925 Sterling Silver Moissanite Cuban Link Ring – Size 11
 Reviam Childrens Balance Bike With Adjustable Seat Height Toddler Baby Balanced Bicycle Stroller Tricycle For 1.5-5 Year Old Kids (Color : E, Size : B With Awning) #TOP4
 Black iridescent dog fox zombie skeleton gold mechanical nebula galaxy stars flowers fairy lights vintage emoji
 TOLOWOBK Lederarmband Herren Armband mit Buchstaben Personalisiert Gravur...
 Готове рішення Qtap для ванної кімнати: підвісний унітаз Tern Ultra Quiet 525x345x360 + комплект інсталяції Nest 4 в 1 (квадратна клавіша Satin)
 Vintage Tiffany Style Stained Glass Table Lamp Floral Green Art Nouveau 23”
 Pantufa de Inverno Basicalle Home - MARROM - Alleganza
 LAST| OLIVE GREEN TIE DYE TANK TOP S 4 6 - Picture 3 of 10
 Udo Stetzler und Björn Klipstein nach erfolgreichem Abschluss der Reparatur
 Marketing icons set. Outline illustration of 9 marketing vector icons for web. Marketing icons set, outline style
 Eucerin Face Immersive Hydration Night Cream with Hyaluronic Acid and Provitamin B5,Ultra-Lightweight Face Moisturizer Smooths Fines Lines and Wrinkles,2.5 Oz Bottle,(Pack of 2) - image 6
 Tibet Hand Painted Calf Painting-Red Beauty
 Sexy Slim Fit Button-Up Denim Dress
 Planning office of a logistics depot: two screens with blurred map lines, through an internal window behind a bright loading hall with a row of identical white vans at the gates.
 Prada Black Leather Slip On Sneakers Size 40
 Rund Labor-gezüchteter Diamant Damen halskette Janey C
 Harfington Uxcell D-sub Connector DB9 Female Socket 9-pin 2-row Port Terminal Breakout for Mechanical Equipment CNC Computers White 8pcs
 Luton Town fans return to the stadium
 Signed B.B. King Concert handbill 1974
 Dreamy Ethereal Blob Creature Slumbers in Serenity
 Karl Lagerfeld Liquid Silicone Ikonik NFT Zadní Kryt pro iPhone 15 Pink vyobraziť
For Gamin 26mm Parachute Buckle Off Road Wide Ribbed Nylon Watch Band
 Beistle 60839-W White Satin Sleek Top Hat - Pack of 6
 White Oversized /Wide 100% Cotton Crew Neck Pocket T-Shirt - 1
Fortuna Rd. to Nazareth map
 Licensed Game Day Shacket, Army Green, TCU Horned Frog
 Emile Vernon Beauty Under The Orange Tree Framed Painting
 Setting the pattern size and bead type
..........
Every line above from the line with "Marketing icons set." to the line with "Licensed Game Day" is wanted, ends included; write them out exactly and add no other line.

* _Result for this task_:
 Marketing icons set. Outline illustration of 9 marketing vector icons for web. Marketing icons set, outline style
 Eucerin Face Immersive Hydration Night Cream with Hyaluronic Acid and Provitamin B5,Ultra-Lightweight Face Moisturizer Smooths Fines Lines and Wrinkles,2.5 Oz Bottle,(Pack of 2) - image 6
 Tibet Hand Painted Calf Painting-Red Beauty
 Sexy Slim Fit Button-Up Denim Dress
 Planning office of a logistics depot: two screens with blurred map lines, through an internal window behind a bright loading hall with a row of identical white vans at the gates.
 Prada Black Leather Slip On Sneakers Size 40
 Rund Labor-gezüchteter Diamant Damen halskette Janey C
 Harfington Uxcell D-sub Connector DB9 Female Socket 9-pin 2-row Port Terminal Breakout for Mechanical Equipment CNC Computers White 8pcs
 Luton Town fans return to the stadium
 Signed B.B. King Concert handbill 1974
 Dreamy Ethereal Blob Creature Slumbers in Serenity
 Karl Lagerfeld Liquid Silicone Ikonik NFT Zadní Kryt pro iPhone 15 Pink vyobraziť
For Gamin 26mm Parachute Buckle Off Road Wide Ribbed Nylon Watch Band
 Beistle 60839-W White Satin Sleek Top Hat - Pack of 6
 White Oversized /Wide 100% Cotton Crew Neck Pocket T-Shirt - 1
Fortuna Rd. to Nazareth map
 Licensed Game Day Shacket, Army Green, TCU Horned Frog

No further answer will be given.